Preferably, the timing means is arranged such that the emitter means emits the electro-magnetic radiation from a point prior to the reciprocating piston reaching top dead centre, (e.g. substantially 18°C prior to top dead centre) up to the time prior to, or at, the completion of the downward stroke of the reciprocating piston to enhance heating of and substantially complete ionisation and combustion of the fuel in the combustion chamber. Thus, the emitter means emits the electro-magnetic radiation from a point prior to the reciprocating piston reaching top dead centre to a point after the reciprocating piston passes the dead centre but before, or at, the completion of the downward stroke of the piston.
Inlet means may be provided for intake of air during the respiration cycle of the combustion engine. Similarly, exhaust means is provided for exhaust of combustion products from the combustion chamber. The inlet means preferably comprises a one-way valve for intake of air.
Preferably, pressure relief means is provided such that if the internal pressure in the combustion chamber exceeds a selected level, the pressure relief means is activated to avoid over-pressurisation in the combustion chamber.
In the case of a reciprocating piston being provided in the combustion chamber, it is preferred that the reciprocating piston has at least one cavity therein to enhance reflection of the electro-magnetic radiation off the piston in different directions. In other engine types not employing reciprocating pistons, cavities may be provided on the components that are analogous to a reciprocating piston. Preferably, the fuel atomising means sprays fuel through a magnetic field. Such an arrangement is desirable to cause nuclear magnetic resonance of selected atoms, e.g. hydrogen and oxygen at certain frequencies.
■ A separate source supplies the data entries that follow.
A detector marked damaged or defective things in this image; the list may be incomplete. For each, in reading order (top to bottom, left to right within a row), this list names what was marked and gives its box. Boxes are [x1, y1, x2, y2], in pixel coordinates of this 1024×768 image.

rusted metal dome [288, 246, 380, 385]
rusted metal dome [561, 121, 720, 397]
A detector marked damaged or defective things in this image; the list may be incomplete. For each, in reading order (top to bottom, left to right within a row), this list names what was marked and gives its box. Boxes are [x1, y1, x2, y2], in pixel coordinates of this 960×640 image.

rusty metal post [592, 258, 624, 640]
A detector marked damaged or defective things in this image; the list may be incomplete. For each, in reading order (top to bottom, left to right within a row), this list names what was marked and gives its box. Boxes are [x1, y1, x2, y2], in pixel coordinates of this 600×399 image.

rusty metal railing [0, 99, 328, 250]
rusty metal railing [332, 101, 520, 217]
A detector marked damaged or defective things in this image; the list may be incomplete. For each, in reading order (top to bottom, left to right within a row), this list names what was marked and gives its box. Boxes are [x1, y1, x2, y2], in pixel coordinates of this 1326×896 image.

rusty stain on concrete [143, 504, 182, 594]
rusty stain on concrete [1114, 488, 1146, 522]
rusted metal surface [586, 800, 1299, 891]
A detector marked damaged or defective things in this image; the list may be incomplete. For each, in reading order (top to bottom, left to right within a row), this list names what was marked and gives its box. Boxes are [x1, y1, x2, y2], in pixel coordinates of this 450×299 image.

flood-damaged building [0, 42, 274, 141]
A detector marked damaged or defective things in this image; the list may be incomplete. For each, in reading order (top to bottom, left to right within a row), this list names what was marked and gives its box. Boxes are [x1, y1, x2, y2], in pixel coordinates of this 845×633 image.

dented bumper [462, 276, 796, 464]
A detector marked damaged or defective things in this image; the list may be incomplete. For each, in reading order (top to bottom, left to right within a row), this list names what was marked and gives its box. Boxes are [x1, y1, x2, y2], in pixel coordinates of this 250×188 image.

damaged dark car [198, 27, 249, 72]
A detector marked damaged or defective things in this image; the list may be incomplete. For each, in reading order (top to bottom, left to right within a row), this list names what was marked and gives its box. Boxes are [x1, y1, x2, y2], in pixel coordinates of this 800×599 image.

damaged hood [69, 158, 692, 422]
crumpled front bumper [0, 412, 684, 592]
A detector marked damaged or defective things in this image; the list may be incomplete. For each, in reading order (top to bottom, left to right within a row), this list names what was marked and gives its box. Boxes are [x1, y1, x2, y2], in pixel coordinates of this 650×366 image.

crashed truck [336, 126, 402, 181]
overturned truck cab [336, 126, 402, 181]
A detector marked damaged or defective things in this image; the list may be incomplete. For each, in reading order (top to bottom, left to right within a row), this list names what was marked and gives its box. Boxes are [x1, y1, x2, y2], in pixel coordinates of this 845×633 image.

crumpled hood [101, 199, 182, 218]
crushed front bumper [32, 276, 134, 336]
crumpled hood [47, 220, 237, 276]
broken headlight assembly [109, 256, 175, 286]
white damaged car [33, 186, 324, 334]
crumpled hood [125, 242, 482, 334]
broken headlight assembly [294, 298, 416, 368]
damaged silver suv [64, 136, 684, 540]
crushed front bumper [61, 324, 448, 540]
It is preferred that the fuel is sprayed through the magnetic field in a direction substantially at 90°Cangulation therethrough.
Preferably, the fuel atomising means and the emitter means are arranged such that they are opposed in an offset manner such that the electro-magnetic radiation is emitted and the fuel is sprayed such that they are opposed in an offset manner. It is further preferred that the fuel atomising means and the emitter means are offset by an angle of substantially 90°Csuch that the electro-magnetic radiation is emitted and the fuel is sprayed such that they are offset by an angle of substantially 90°C. This will ensure that atomic spectra (of fuel atoms) will undergo Larmor precession. Nuclear magnetic resonance will cause fine structure of atoms, e.g. hydrogen, which is the line splitting that arises from couplings between nuclear spins of atoms and which enhances dissociation of atoms for combustion.
Preferably, heating plug means is provided to provide additional heating of the fuel.
Initial starting energy input for the electro-magnet radiation generator means may be provided by an external power source, e.g. a battery in a similar manner to conventional ignition systems used in motor vehicles. Electrical voltages may, for example, be boosted by use of voltage doublers and triplers. Following initial starting, further supply of energy input to the electro-magnetic radiation generator means may be provided by alternator means, once again, in analogous manner to the operation of alternators in conventional ignition systems used in motor vehicles.
In addition to incorporation in newly manufactured engines, the ignition system of the present invention may be installed in pro-existing engines as a retrofit system. Accordingly, existing intake manifolds and intake valves of a pre-existing engine may be adapted for use with the ignition system of the present invention. Alteratively, the fuel atomising means may be mounted directly into the engine cylinder head of a pre-existing engine thereby avoiding the need for conventional air-fuel intakes, such as carburettors, present in conventional combustion engines.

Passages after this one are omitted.